While the study design cannot provide an in-depth picture (a qualitative analyses would), this Internet survey sought to identify correlates of why people would skip insulin doses (which a substantial proportion of patients reported doing: 57%; 20% reported skipping doses regularly). Of note for our discussions in this blog is the prominence patients give to interference with daily activities. This indicates patients directly indicating that a cause for nonadherence is the disruption to their lives caused by insulin use.
With very thin data to support this recommendation, many diabetologists are promoting the early use of insulin in patients with type 2 diabetes, the most common form of diabetes. Since insulin use requires closer monitoring of blood sugars to manage the dose of insulin and avoid and manage low blood sugars, insulin-containing programs may be quite disruptive. This paper adds that injecting the insulin can also be disruptive (in terms of effort and schedule I suspect given the correlation with more frequently prescribed injections) and embarrassing to some.

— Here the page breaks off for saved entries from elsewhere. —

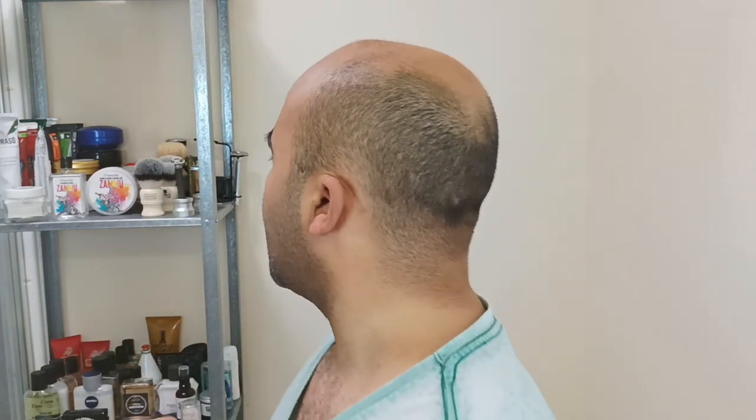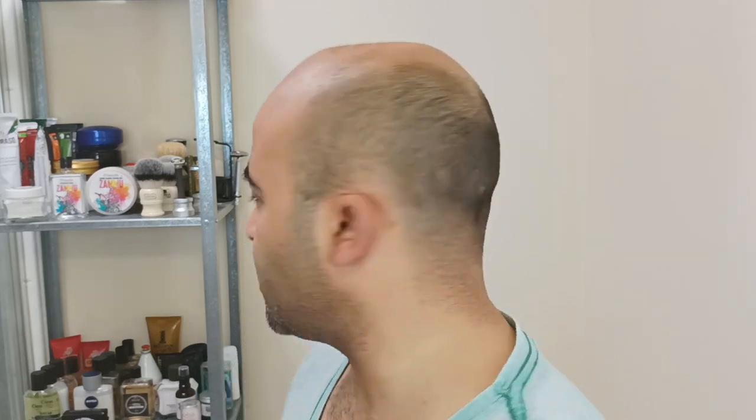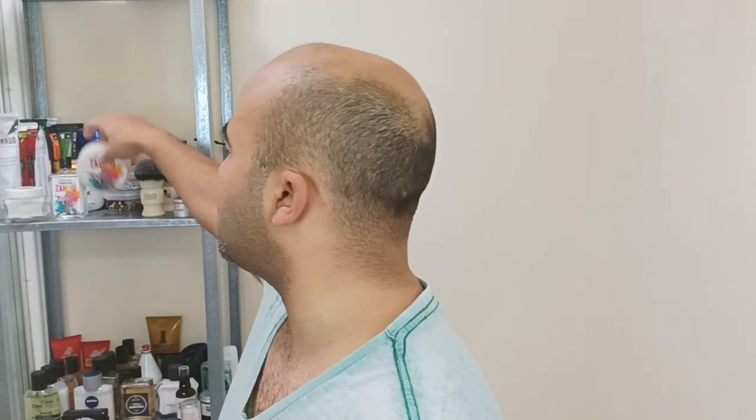Hello everyone, so today's shave of the day — I'm gonna try another Italian soap, another Italian maker, Pantare. Let's see if I can say this correctly: Zemu. I don't know how to pronounce it properly. I got this on a discount, and I liked it as well as the label, because I always go by the labels as I told you previously — I don't like to do much research, so I go by what I see first.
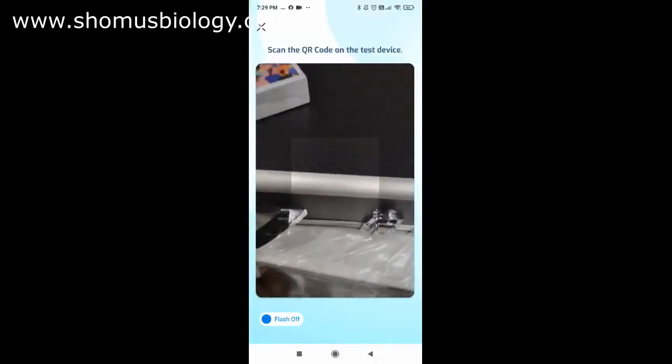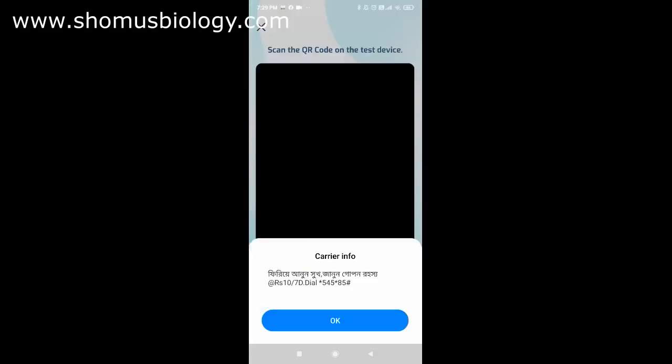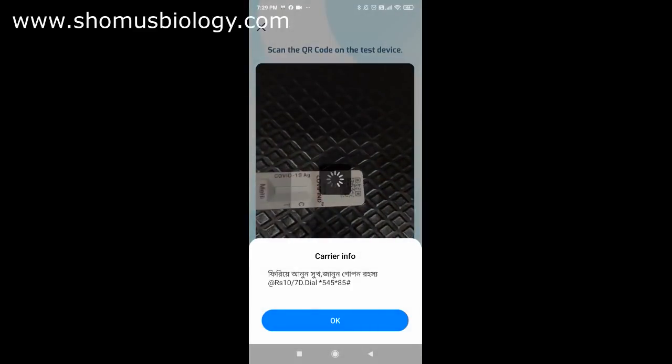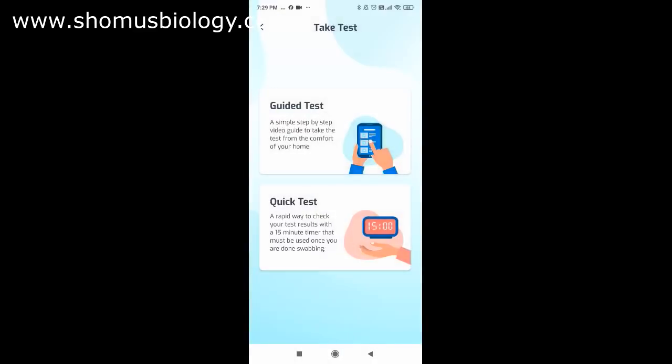Next, scan the QR code on the test device — done. The app offers two test modes: a guided test with a step-by-step video guide showing how to perform the test, and a quick test, which is a rapid way to check your result within a 15-minute timer that must be used once you are done swabbing.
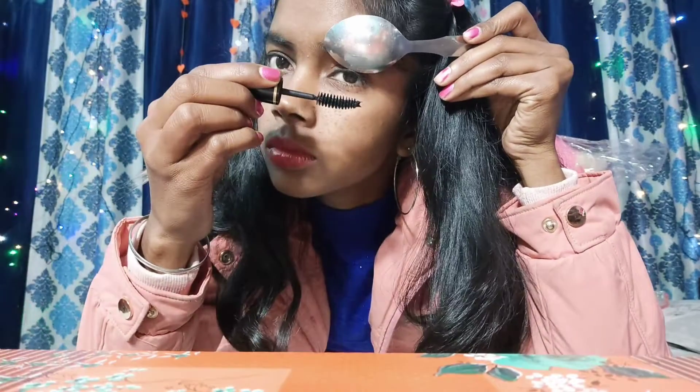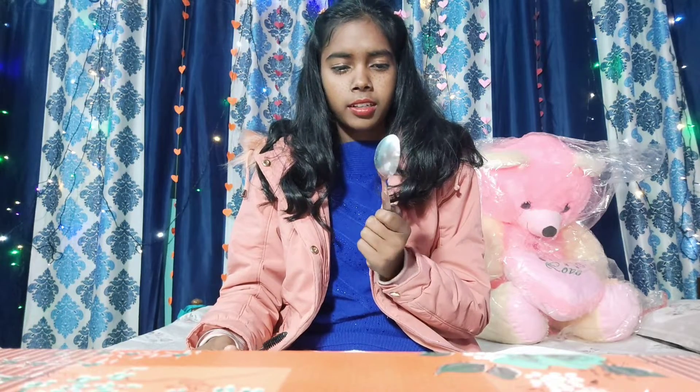Now we will start our second hack — in the second hack she made a mascara curl using a spoon. So let's do it. This is my eyelashes — you can see the difference. I thought it would look bad but it's not. I didn't have makeup on but let's try it anyway.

In my practice, I tried to address this with my patients, particularly those who need insulin to avoid symptoms of high blood sugars. For these patients, I suggest the use of insulin pens and, when appropriate, insulin pumps. However, the cost of these technologies has made them less accessible to my patients in these times of economic crises. Thus, clinicians would have to review with patients their goals of care to determine whether, when, and how should insulin be used to manage their diabetes. Calls for early use to protect the beta cell seem to ignore or at best place a lower value on avoiding or minimizing these challenges.